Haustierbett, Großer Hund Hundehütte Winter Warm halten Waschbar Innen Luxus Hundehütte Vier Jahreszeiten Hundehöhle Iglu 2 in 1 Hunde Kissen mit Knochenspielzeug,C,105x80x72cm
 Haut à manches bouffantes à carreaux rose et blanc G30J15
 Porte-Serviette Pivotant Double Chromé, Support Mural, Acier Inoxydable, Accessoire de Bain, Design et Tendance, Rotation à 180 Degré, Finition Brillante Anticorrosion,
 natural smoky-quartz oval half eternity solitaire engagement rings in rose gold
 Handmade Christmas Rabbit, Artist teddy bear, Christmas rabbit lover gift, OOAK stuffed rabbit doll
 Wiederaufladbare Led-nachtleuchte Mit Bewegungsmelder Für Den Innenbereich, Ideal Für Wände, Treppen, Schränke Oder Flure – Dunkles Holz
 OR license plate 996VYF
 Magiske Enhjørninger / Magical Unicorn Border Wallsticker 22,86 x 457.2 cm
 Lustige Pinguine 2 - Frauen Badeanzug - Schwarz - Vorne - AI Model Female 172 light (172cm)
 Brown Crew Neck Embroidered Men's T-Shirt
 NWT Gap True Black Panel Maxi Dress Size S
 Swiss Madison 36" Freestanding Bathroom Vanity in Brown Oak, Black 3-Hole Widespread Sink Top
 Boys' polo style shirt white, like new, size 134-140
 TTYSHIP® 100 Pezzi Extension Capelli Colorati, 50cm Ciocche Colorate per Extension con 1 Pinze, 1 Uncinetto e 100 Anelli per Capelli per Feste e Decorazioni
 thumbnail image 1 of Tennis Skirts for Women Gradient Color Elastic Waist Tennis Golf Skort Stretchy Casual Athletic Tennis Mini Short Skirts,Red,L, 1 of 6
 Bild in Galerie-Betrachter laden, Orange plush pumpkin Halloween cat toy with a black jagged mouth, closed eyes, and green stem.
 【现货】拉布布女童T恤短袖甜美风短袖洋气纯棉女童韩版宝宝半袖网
________
▶ WORK TO COMPLETE
Up to and including the last line of the records above, print exactly every line from the one that contains "Bild in Galerie-Betrachter" onward.

▶ RESPONSE BOX
 Bild in Galerie-Betrachter laden, Orange plush pumpkin Halloween cat toy with a black jagged mouth, closed eyes, and green stem.
 【现货】拉布布女童T恤短袖甜美风短袖洋气纯棉女童韩版宝宝半袖网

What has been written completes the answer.